### What you should do
Strip the pictures and reproduce the rest of the listing exactly.

### Stored data
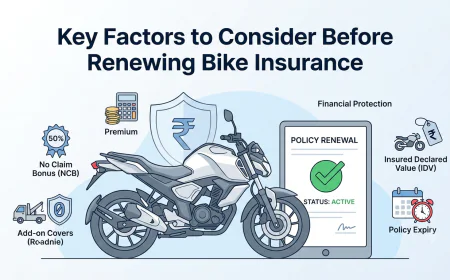 Key Factors to Consider Before Renewing Bike Insurance
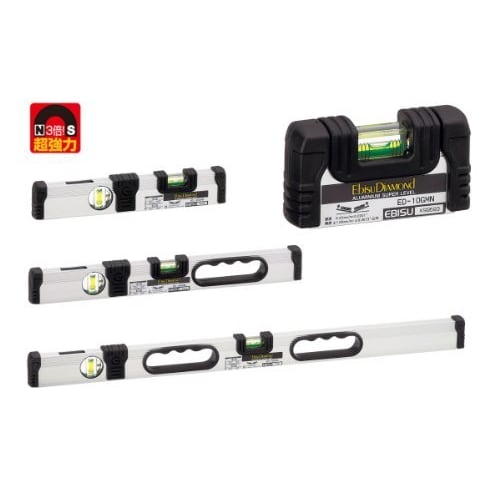 Ebisu Magnetic G Level for Civil Engineering, Silver, 300mm, ED-30GMN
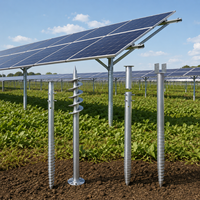 Vis de fondation hélicoïdale galvanisée à chaud pour système de montage solaire et ancrages agrivoltaïques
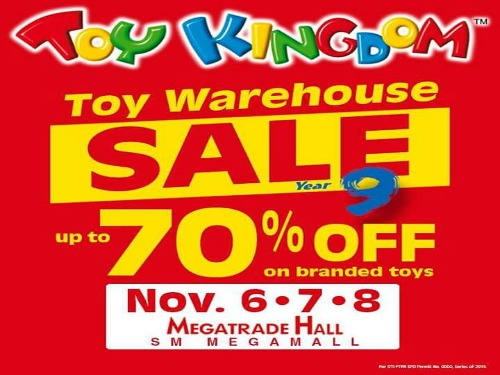 Toy Kingdom Sale at SM Megatrade Hall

### Solution
 Key Factors to Consider Before Renewing Bike Insurance
 Ebisu Magnetic G Level for Civil Engineering, Silver, 300mm, ED-30GMN
 Vis de fondation hélicoïdale galvanisée à chaud pour système de montage solaire et ancrages agrivoltaïques
 Toy Kingdom Sale at SM Megatrade Hall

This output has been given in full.